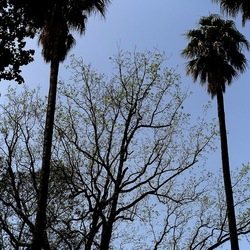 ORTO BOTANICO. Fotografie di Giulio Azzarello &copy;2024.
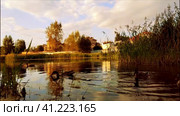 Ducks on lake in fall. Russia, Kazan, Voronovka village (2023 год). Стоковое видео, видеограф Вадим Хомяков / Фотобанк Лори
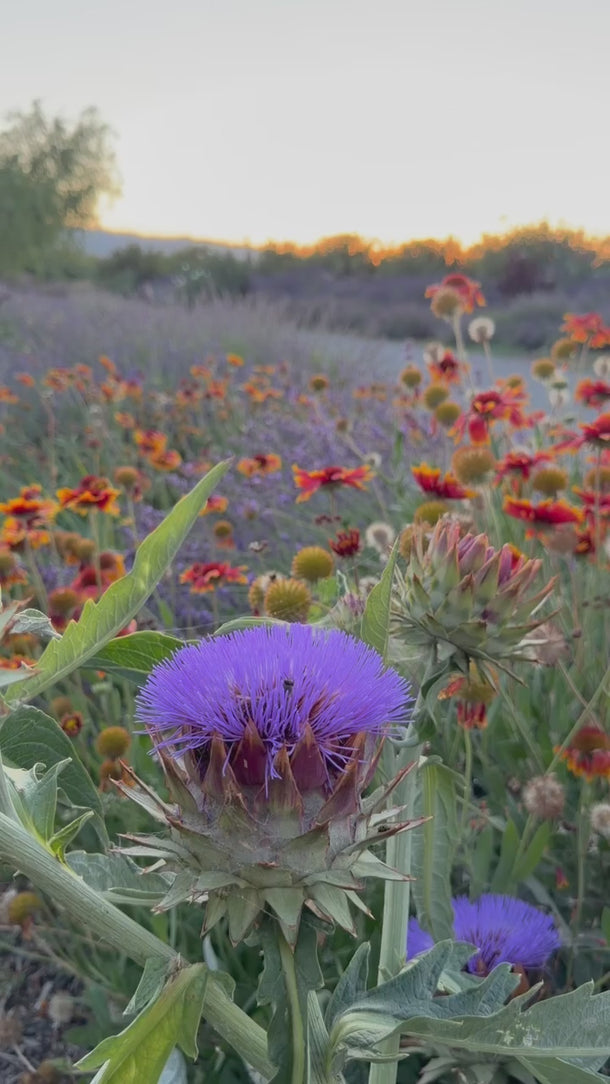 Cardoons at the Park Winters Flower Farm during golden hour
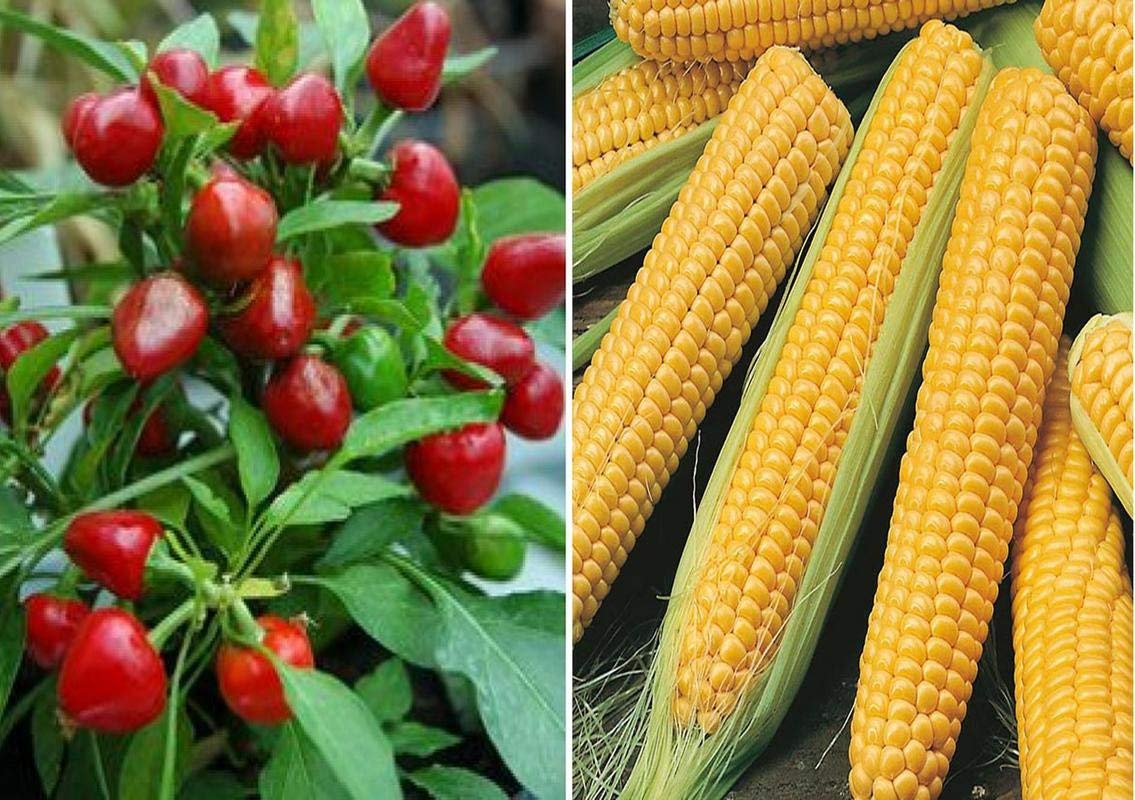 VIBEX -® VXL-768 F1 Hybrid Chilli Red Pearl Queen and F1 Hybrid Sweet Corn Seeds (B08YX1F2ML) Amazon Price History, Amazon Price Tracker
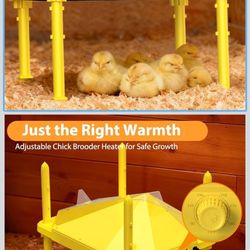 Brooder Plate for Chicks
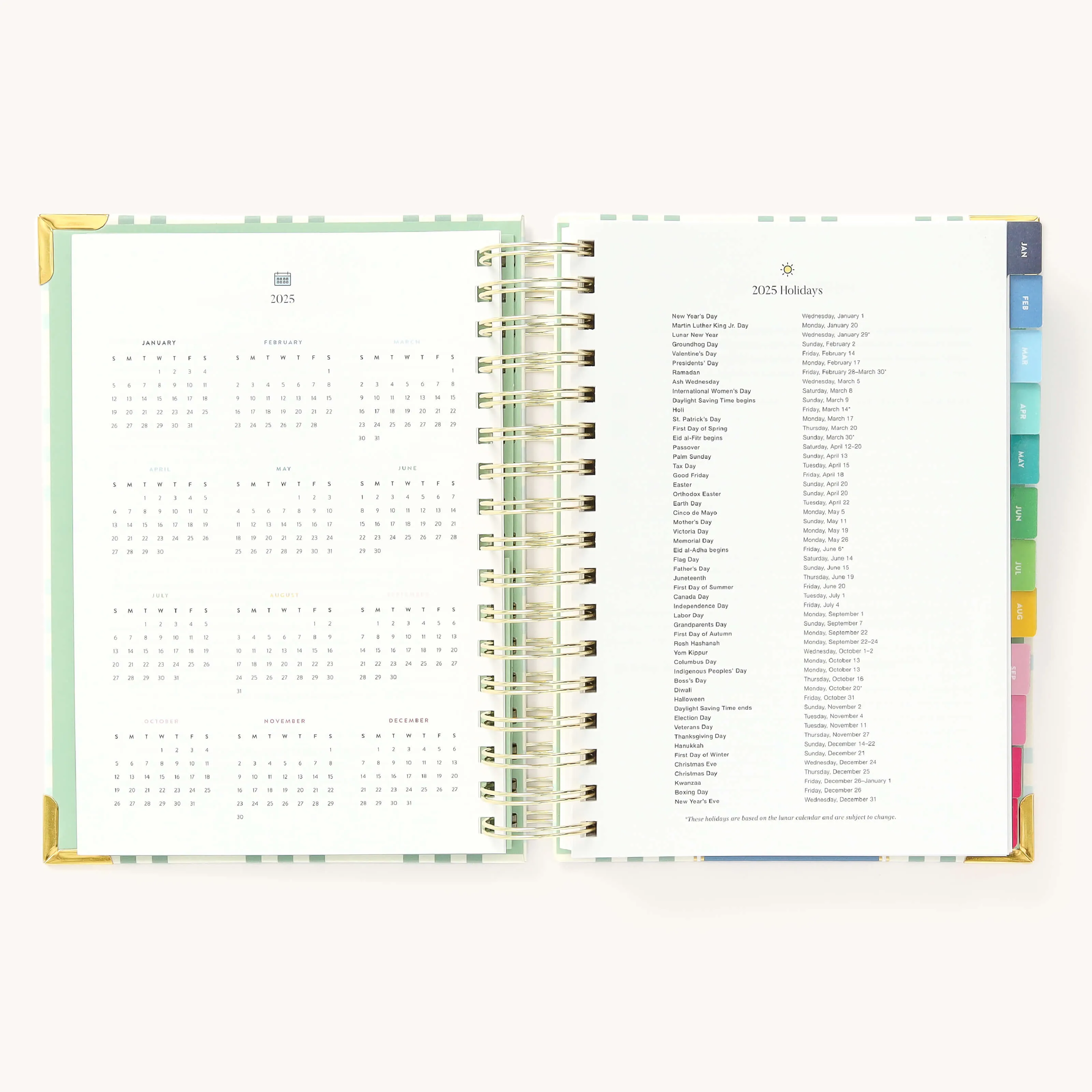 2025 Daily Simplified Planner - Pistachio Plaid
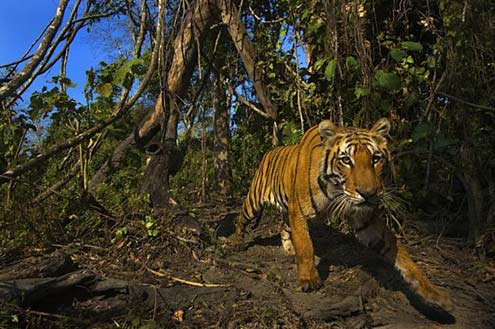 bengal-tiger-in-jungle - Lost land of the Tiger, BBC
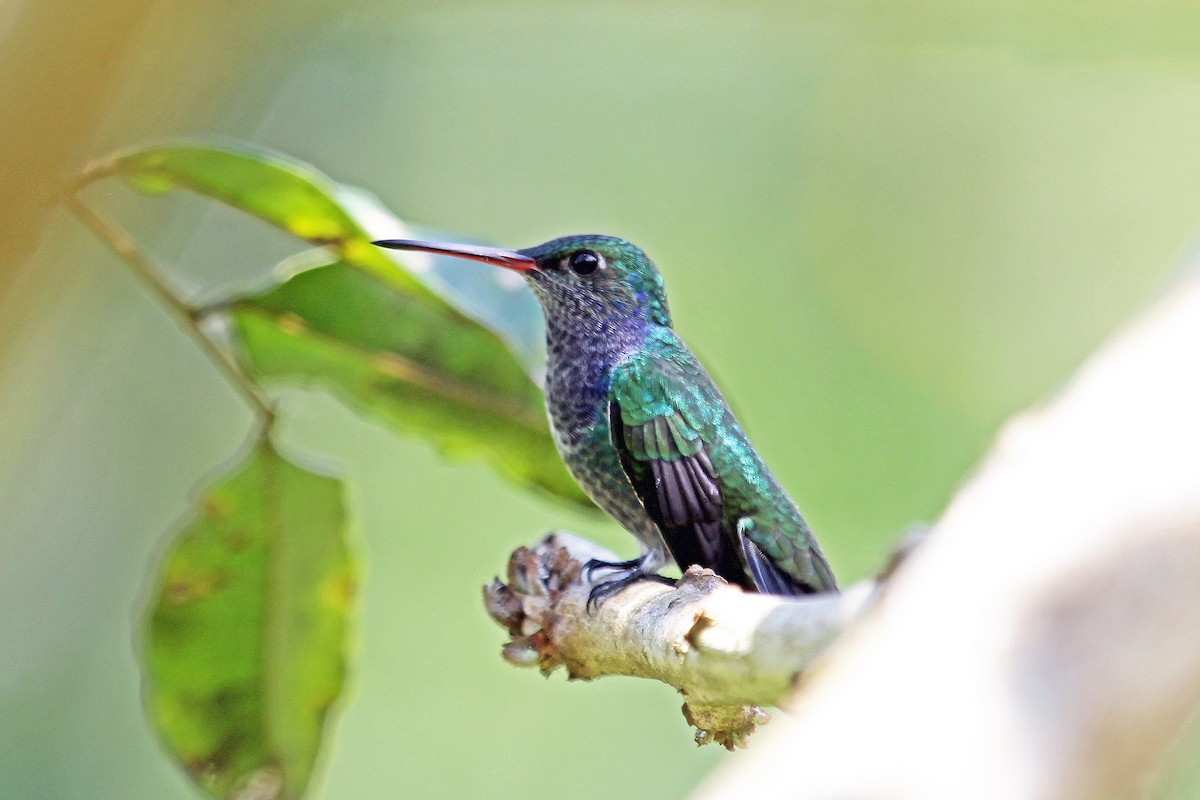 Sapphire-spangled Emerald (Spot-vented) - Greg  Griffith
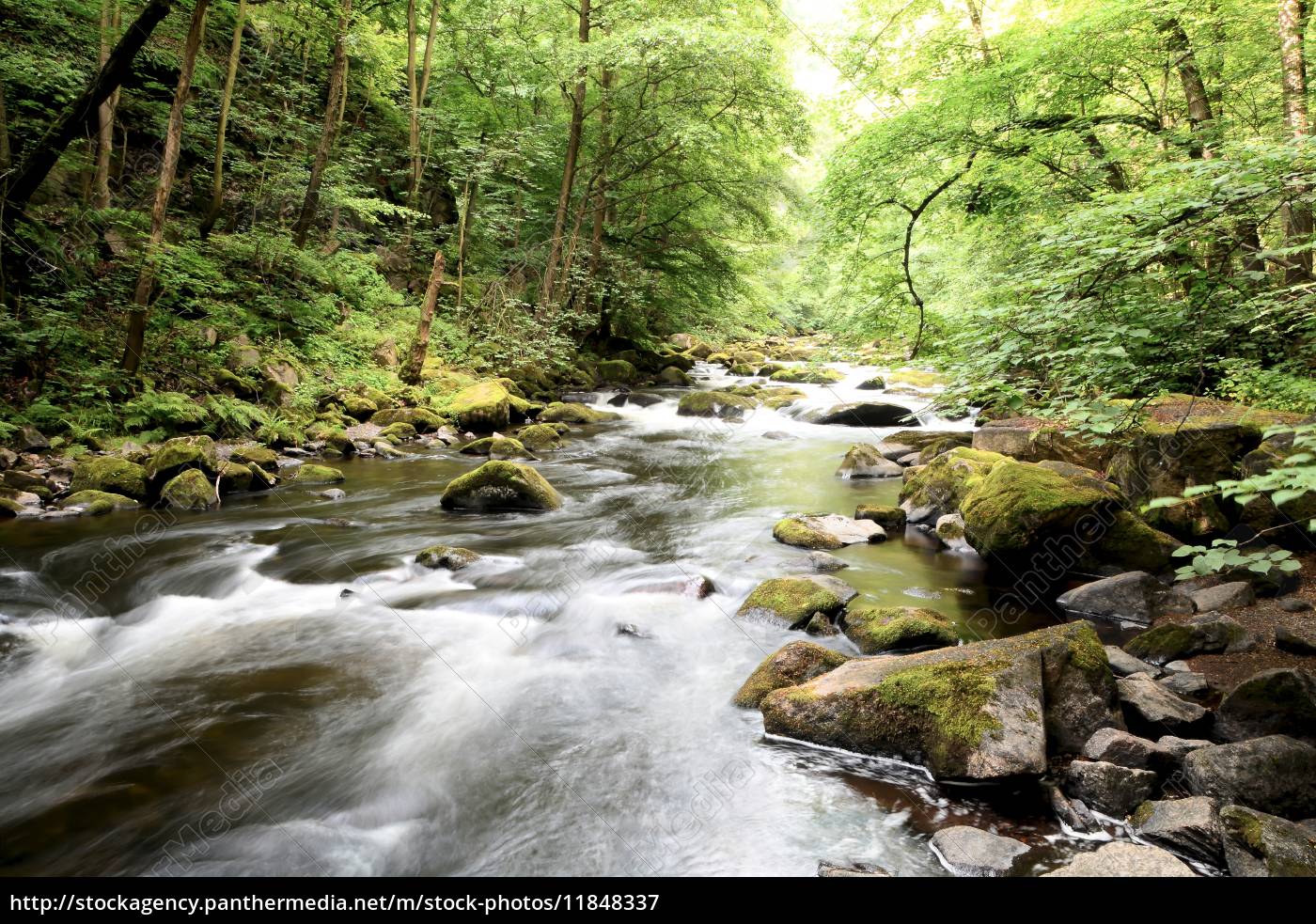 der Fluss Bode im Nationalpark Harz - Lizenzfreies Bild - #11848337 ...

····················

* **The task**:
Without the pictures, retype the whole of the material above exactly.

* **Finished exercise**:
 ORTO BOTANICO. Fotografie di Giulio Azzarello &copy;2024.
 Ducks on lake in fall. Russia, Kazan, Voronovka village (2023 год). Стоковое видео, видеограф Вадим Хомяков / Фотобанк Лори
 Cardoons at the Park Winters Flower Farm during golden hour
 VIBEX -® VXL-768 F1 Hybrid Chilli Red Pearl Queen and F1 Hybrid Sweet Corn Seeds (B08YX1F2ML) Amazon Price History, Amazon Price Tracker
 Brooder Plate for Chicks
 2025 Daily Simplified Planner - Pistachio Plaid
 bengal-tiger-in-jungle - Lost land of the Tiger, BBC
 Sapphire-spangled Emerald (Spot-vented) - Greg  Griffith
 der Fluss Bode im Nationalpark Harz - Lizenzfreies Bild - #11848337 ...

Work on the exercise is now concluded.